Lesson 9 -- first quarter 1996
January 28, 1996

by Mark Roth
© Copyright 1995, Christian Light Publications

People have a way of being oppressive and inflicting affliction on others. This can be done physically, verbally or psychologically. The natural response is to gauge our response by our strength. The natural man who perceives himself strong will do what he can to protect himself. Many will attack the attacker. The natural man who perceives himself weak will flee or bear. These responses are normal, bred into our flesh.

The abnormal response is the spiritual. In this scenario, the individual who perceives himself strong will flee or bear. This helps me distinguish between meekness and weakness. The weak bears because he can do nothing else. The meek bears because he has chosen to not exercise his power to protect, deliver and avenge himself.

In considering the meek response, we must also look at his tongue and his mind. Meekness affects both. Neither reviles, neither complains, neither glories or gloats in bearing. May God grant me quietness of tongue and heart whenever He calls on me to bear reviling, accusation, affliction and rejection.

Meekness also pays the bill. Little did Jesus' enemies realize that even as they "went into debt" by oppressing Him, He was gladly paying the price for their forgiveness. That gives meekness a redemptive quality. Jesus was suffering and dying so that He might be able to offer cleansing to those who were making Him suffer and die! No wonder meekness is a fruit of the Spirit!
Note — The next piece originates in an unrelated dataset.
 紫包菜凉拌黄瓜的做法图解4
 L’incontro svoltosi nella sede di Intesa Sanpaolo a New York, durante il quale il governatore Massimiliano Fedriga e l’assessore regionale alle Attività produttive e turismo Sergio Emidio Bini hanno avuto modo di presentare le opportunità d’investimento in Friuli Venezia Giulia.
No one could yield such abnormal delicacy without God's Spirit in him.

Jesus' suffering and death mark the supreme height of peacemaking. We look on successful peacemakers with appreciation and respect. We bless those who guide warring parties to forgiveness, love and partnership. The beauty of peace may even make us wistful and wishful about being peacemakers ourselves. Then we must notice that our lesson says, "the chastisement of our peace was upon Him." One thing this tells me is that anyone wishing to serve as a peacemaker must go into it with a heart disposed to suffer for the sake of bringing peace.

The Son of God "is our peace" "having made peace through the blood of His cross" because He wanted "to guide our feet into the way of peace" (Ephesians 2:14; Colossians 1:20; Luke 1:79). Now I can understand a little better the relationship He drew between being peacemakers and being the children of God. The begotten of the Father are natural peacemakers! They pursue peace because they serve the Prince of Peace. The strive and suffer for peace because they wish to bless the warring ones, not because they hope for appreciation or recognition for themselves. Our generation and our churches suffer from a dearth of peacemakers. What are you willing to do to fill in the gap?

Who would you say are the sheep in this lesson? We went astray like sheep according to verse six, yet verse seven tells us that Jesus was treated as a lamb. Get the concept clearly in mind because it is so crucial to a proper understanding of leadership and authority. The Shepherd was treated as a sheep! And the Shepherd chose to respond as a sheep! This has another key concept closely related to it: the Shepherd taught His sheep how to be sheep! I find that absolutely amazing. May God continually remind you and me of this whenever we find ourselves in positions of authority and responsibility.